Editoriale

Leggi il segno del Camino

Una persona ha sempre sognato di avere un camino, finalmente trova l’occasione giusta, se lo mette in casa e… da quel momento il camino incomincia a parlare di lui. Sì, perché il camino è un “segno”. Ed è un segno forte, lo si nota subito ovunque lo si mette: in salotto, in sala da pranzo, nello studio, perfino in camera. E siccome siete voi ad averlo scelto, lui parlerà proprio di voi. E’ un camino semplice ed elegante oppure vistoso e pretenzioso? Attenti, è’ attraverso di lui che sarete giudicati; la trasposizione psicologica è inevitabile. Lo stile del camino dice molto sul vostro carattere. Incominciamo dagli stili storici. Il camino gotico (o neogotico) è fiabesco, spirituale, segno di una tendenza immaginativa molto forte che si può spingere fino alla mitomania. Può essere giusto nella casa di chi è creativo o di una persona di grande fascino che non ha solo il camino come suggestione teatrale. Il camino Rinascimento è invece più serio, più maschile; spesso di grande dimensioni, se monumentale va messo solo in una grande casa, ma esistono anche piccoli camini del ‘500 un po’rustici che si adattano bene in qualsiasi casa di campagna. Il camino barocco è invece tipico di chi vuole impressionare con un fasto austero: anche il resto dovrà essere dello stesso livello, altrimenti scomparirà. Il camino rococò, che denota una sensibilità femminile, è il più adatto per piccoli ambienti arredati con delicatezza di tocco e preziosità di dettagli. Il camino neoclassico è il più “moderno” dei camini antichi e denota classe e sobrietà. Il camino ottocento è più bonario, spesso imita altri stili del passato ed è facile negli accostamenti come il suo proprietario. Il camino déco è invece estroso, teatrale, vuole essere sempre al centro dell’attenzione, come voi che l’avete scelto.

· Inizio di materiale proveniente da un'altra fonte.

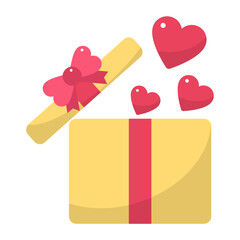 Yellow and Pink Surprise Gift Box with Ribbon and Heart sign, Valentines Cardboard Gift Box Vector Color Icon Design, love and romance symbol on white background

Giuseppe Maria Jonghi Lavarini

Cos’è la semiotica

La semiotica è la disciplina che si occupa dello studio dei segni, della loro natura, di come vengono prodotti, comunicati e interpretati. Vorrebbe essere la scienza esatta di tutta la comunicazione. Solo nel ‘900 è diventata una disciplina autonoma, prima erano i filosofi a occuparsene a cominciare da Platone e Aristotele nella Grecia del IV sec. avanti Cristo. Ma cos’è oggi la semiotica? Si parte dal presupposto che tutto è comunicazione, basta che ci sia qualcuno in grado di coglierla. Si comunica non solo parlando o scrivendo, ma anche col modo di vestirsi, di arredare la casa, di scegliere la macchina. Esistono forme di comunicazione più o meno coscienti e più o meno complesse, si va dal linguaggio istintivo del corpo a quello meditato della pubblicità. Ma come opera questa disciplina? Come in tutte le scienze: si parte da un’analisi dei fenomeni. Per spiegare praticamente il suo metodo si fa l’esempio di un ragazzino che manda a sua zia una cartolina dove ha scritto “Ti ricordo sempre”. Il testo è chiaro, ma per la semiotica la comunicazione non finisce lì. Esiste un soggetto che lo trasmette (il ragazzino) e un altro che lo riceve (la zia), un enunciato (la scritta affettuosa) che va visto in rapporto col modello di riferimento dell’enunciatore (l’idea che il nipotino ha della zia bisognosa di affetto) e col modello di riferimento del ricevente (l’idea che la zia ha di suo nipote, sincero o interessato). Questo prima ancora di occuparci dell’analisi testuale: cioè come il testo è scritto da un punto di vista grafico, che tipo di affrancatura è stata usata (normale o prioritaria?), che rapporto c’è tra l’immagine della cartolina e il testo. Ci possono essere codici personali nell’intestazione (il suo nome familiare) e possono giocare dei precedenti (la zia potrebbe interpretare la frase come ironica). Sono tutte operazioni che la zia fa istintivamente quando riceve la cartolina, ma che è compito della semiotica studiare. A che serve? A renderci più coscienti quando comunichiamo. Ad essere comunicatori più esperti, ma anche ascoltatori più smaliziati quando a parlarci è un “grande comunicatore” del nostro ambiente, della politica o della pubblicità.